Computer Engineering and Applications ›› 2022, Vol. 58 ›› Issue (19): 193-201.DOI: 10.3778/j.issn.1002-8331.2103-0044

• Pattern Recognition and Artificial Intelligence • Previous Articles     Next Articles

Online Category-Free Point-Wise Multi-Object Tracking and Segmentation

BI Xin, TAN Jingang, ZHANG Guanghui   

  1. 1.Bionic Vision System Laboratory, Shanghai Institute of Microsystem and Information Technology, Chinese Academy of Sciences, Shanghai 200050, China
    2.University of Chinese Academy of Sciences, Beijing 100049, China
  • Online:2022-10-01 Published:2022-10-01



  1. 1.中国科学院 上海微系统与信息技术研究所 仿生视觉系统实验室,上海 200050
    2.中国科学院大学,北京 100049

Abstract: Most multi-object tracking algorithms based on deep learning perform tracking by bounding boxes predict from object detection algorithm. However, when objects are partially occluded, their bounding boxes are prone to overlap, which greatly affects the tracking results. To address the problem, a novel online category-free point-wise multi-object tracking and segmentation method(CPMOTS) is proposed. It adopts pixel-level instance segmentation masks rather than the bounding-box-based object representation. CPMOTS uses a parallel structure to simultaneously segment and track multi-category objects, and guarantees the operating efficiency, which is quite practical in real scenarios. CPMOTS first obtains instance masks from instance segmentation network and samples unordered 2D point set from the masks, then obtains discriminative instance embeddings from the corresponding points features. Finally, an intuitive and effective attention module is utilized to explicitly model interdependencies between channels, through which it can adaptively learn the importance of each feature channel. Therefore, CPMOTS can selectively emphasize informative features and suppress less useful ones to achieve feature re-calibration, which boosts the performance of the network. Evaluations on KITTI MOTS dataset show that the CPMOTS outperforms many previous works with a near real-time speed 16 frame/s.

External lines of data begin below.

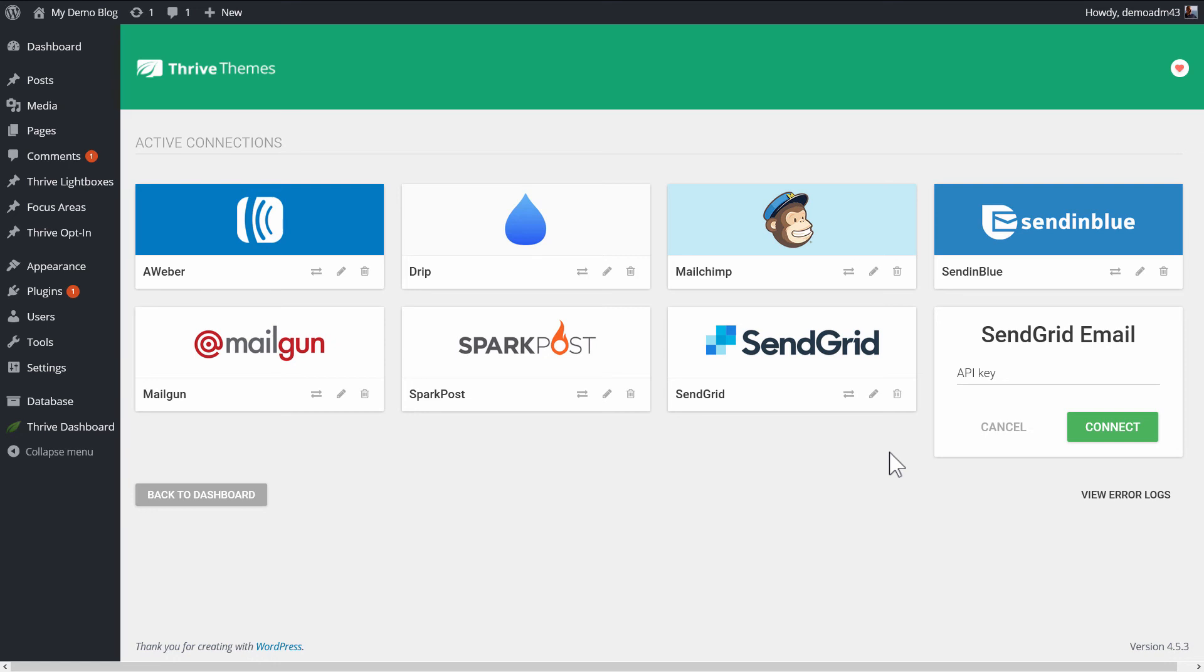The SendGrid email delivery service is what you can use for Thrive Leads asset delivery. So if you automatically want to send downloadables to people who sign up through your opt-in forms, that's what you can do with the asset delivery feature.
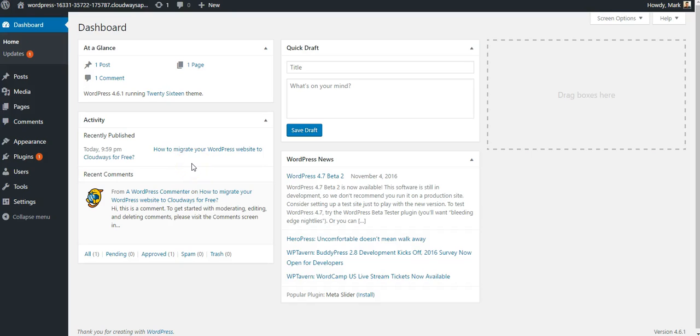Hi. In this video, I'm going to give you an overview of the Total WordPress theme.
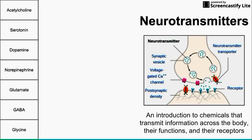This video is going to be an overview of neurotransmitters used in the human body — an introduction to neurotransmitters, which are chemicals that transmit information across the body. We're going to be talking about their functions, how they relate to clinical diseases and symptoms, and the receptors they can activate, stimulate, or inhibit. We have an image of a synapse showing the role of neurotransmitters located inside vesicles. The neurotransmitters we'll cover are listed here, and we can break them into categories.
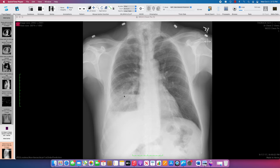I do see a very well-defined linear border, and superior to that border it's radiolucent and inferiorly radiodense. Also laterally, I've got a little bit of a meniscal sign out there, telling me that I've got some pleural fluid out laterally.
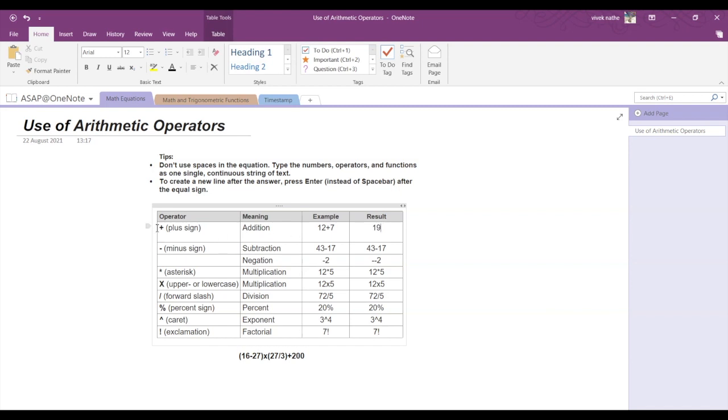So here now we are going to discuss addition, subtraction, negation, multiplication, division, percent calculations, exponent, and factorial.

Key words: deep learning, multi-object tracking and segmentation, instance segmentation, attention module, feature re-calibration

摘要: 现有基于深度学习的多目标跟踪算法大多利用目标检测任务预测的边界框跟踪目标,当目标间存在遮挡时,边界框会产生重叠进而影响跟踪准确度,针对这个问题,提出了一种在线多类别逐点式多目标跟踪与分割(category-free point-wise multi-object tracking and segmentation,CPMOTS)算法。该算法摒弃了边界框的目标表征方式,利用实例分割的像素级掩码表征目标进行跟踪,网络采用并行结构同时分割与跟踪多类别目标,并保证了运行效率,这在真实场景中有很强的实用性。CPMOTS首先利用实例分割网络得到实例分割掩码,对其采样得到无序点集;然后将点集的特征输入跟踪网络得到判别性的实例级嵌入向量;最后将该嵌入向量通过直观高效的注意力模块以显式建模其通道间的依赖关系,自适应学习每个特征通道的重要程度,依照这个重要程度选择性地强化有用的特征,抑制无用的特征,实现通道特征重标定,从而提高算法的性能。在多目标跟踪与分割基准数据集KITTI MOTS的实验表明,CPMOTS跟踪的精度优于大部分其他对比方法,并达到了16 frame/s的近实时速度。

关键词: 深度学习, 多目标跟踪与分割, 实例分割, 注意力模块, 特征重标定